Records to use Start Marker

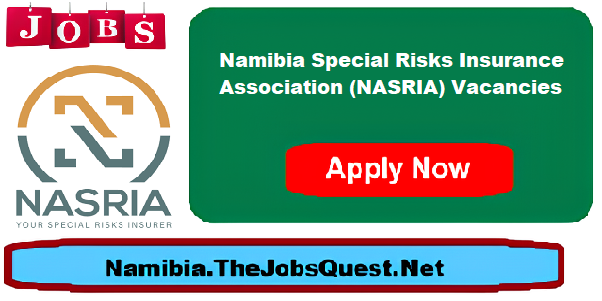 Namibia Special Risks Insurance Association Vacancies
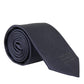 Blue Solid Silk Adjustable Tie Men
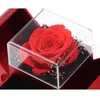 Jewelry Boxes Vintage Necklace for Women Mothers Day Gift My Love Crystal Pendant Luxury Designer Jewelry for Lover with Rosebox Drop 231216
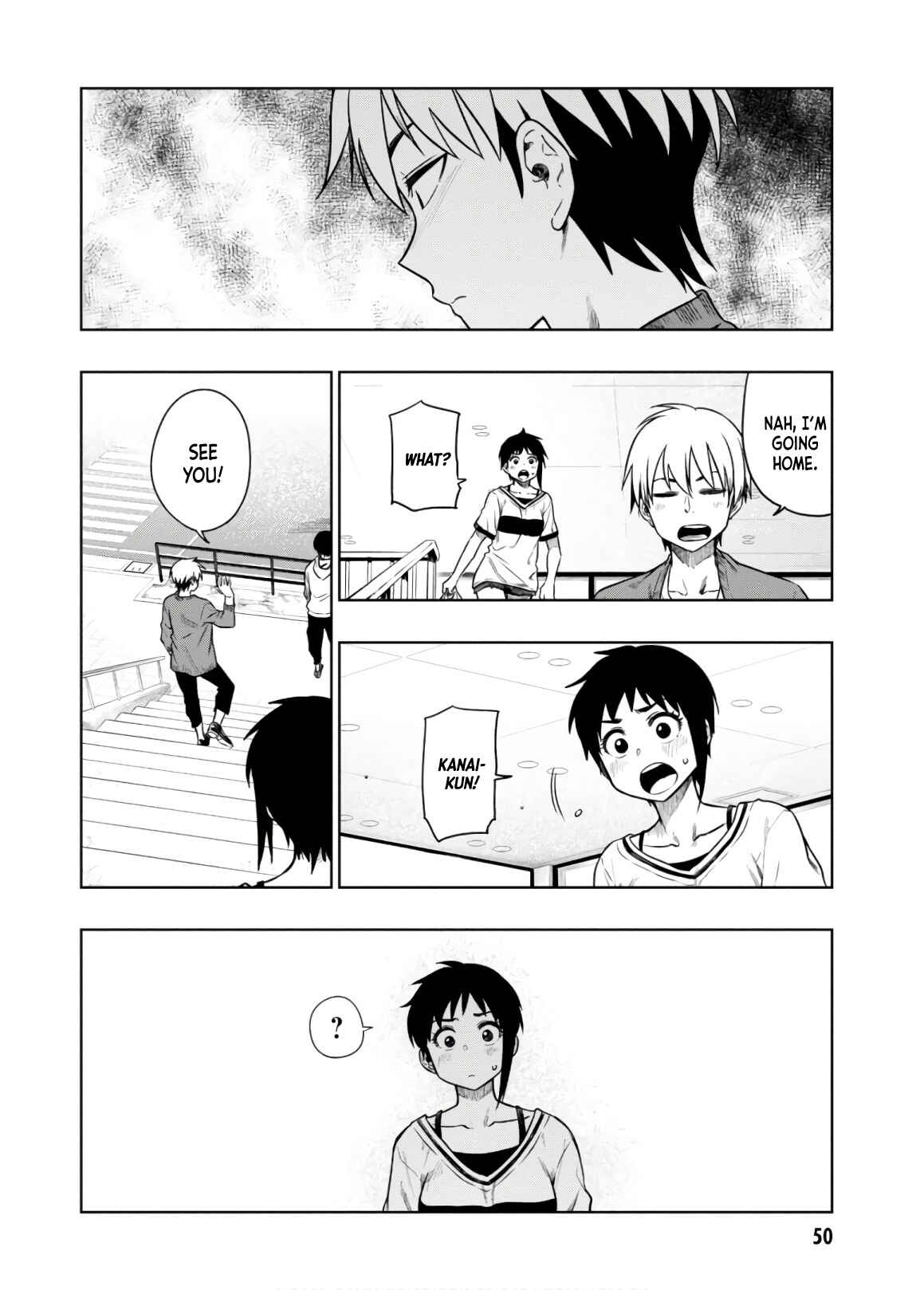 Page 3 Chapter 13 Mata, Kata Omou.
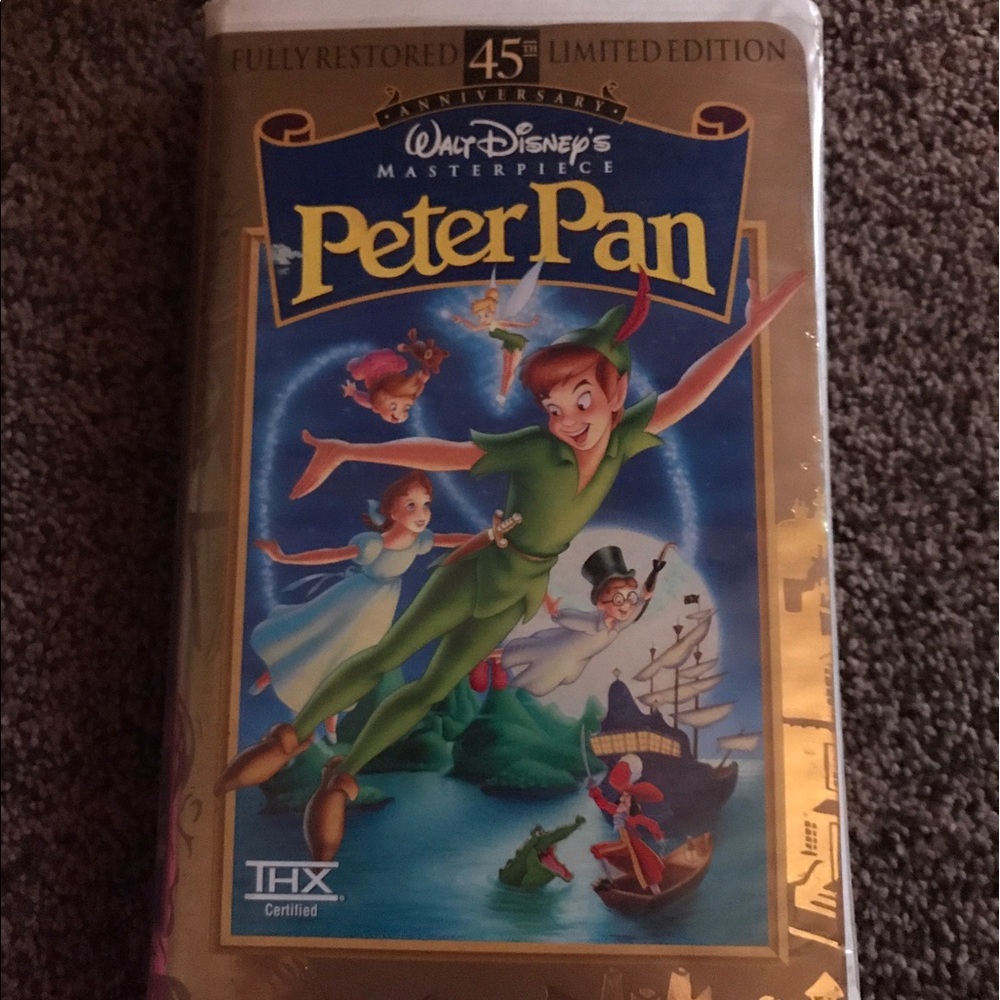 Peter Pan VHS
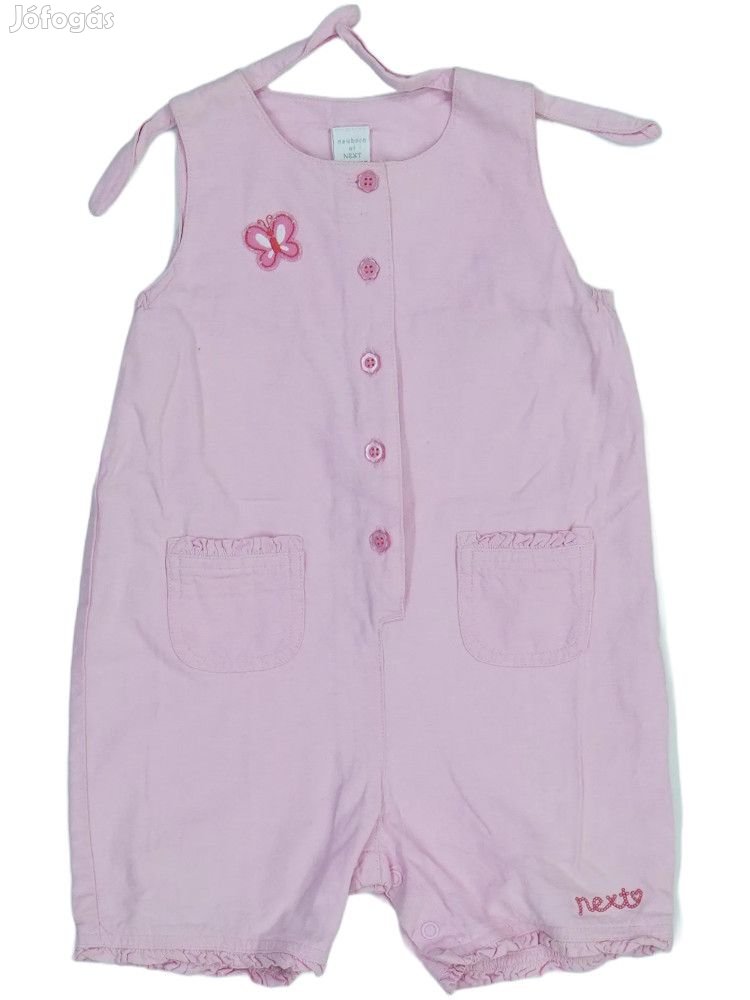 Next Használt (keveset használt) Lány Playsuit / Jumpsuit (Méret: 80)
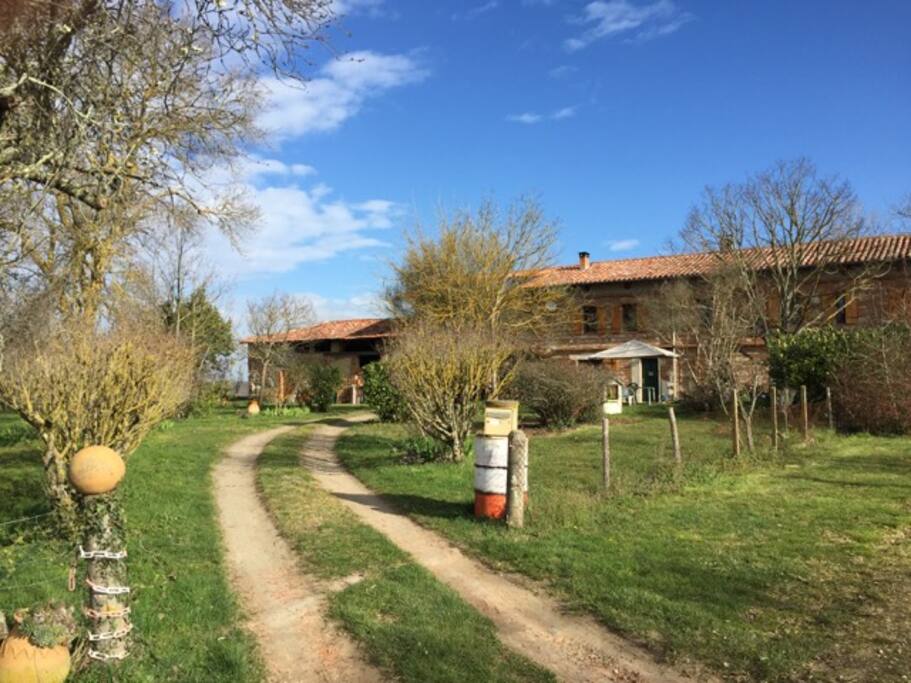 Entrée maison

Records to use End Marker

The task:
Without the pictures, write out the lines from the beginning of the entries through the line with "Peter Pan VHS".

Reply to the task:
 Namibia Special Risks Insurance Association Vacancies
 Blue Solid Silk Adjustable Tie Men
 Jewelry Boxes Vintage Necklace for Women Mothers Day Gift My Love Crystal Pendant Luxury Designer Jewelry for Lover with Rosebox Drop 231216
 Page 3 Chapter 13 Mata, Kata Omou.
 Peter Pan VHS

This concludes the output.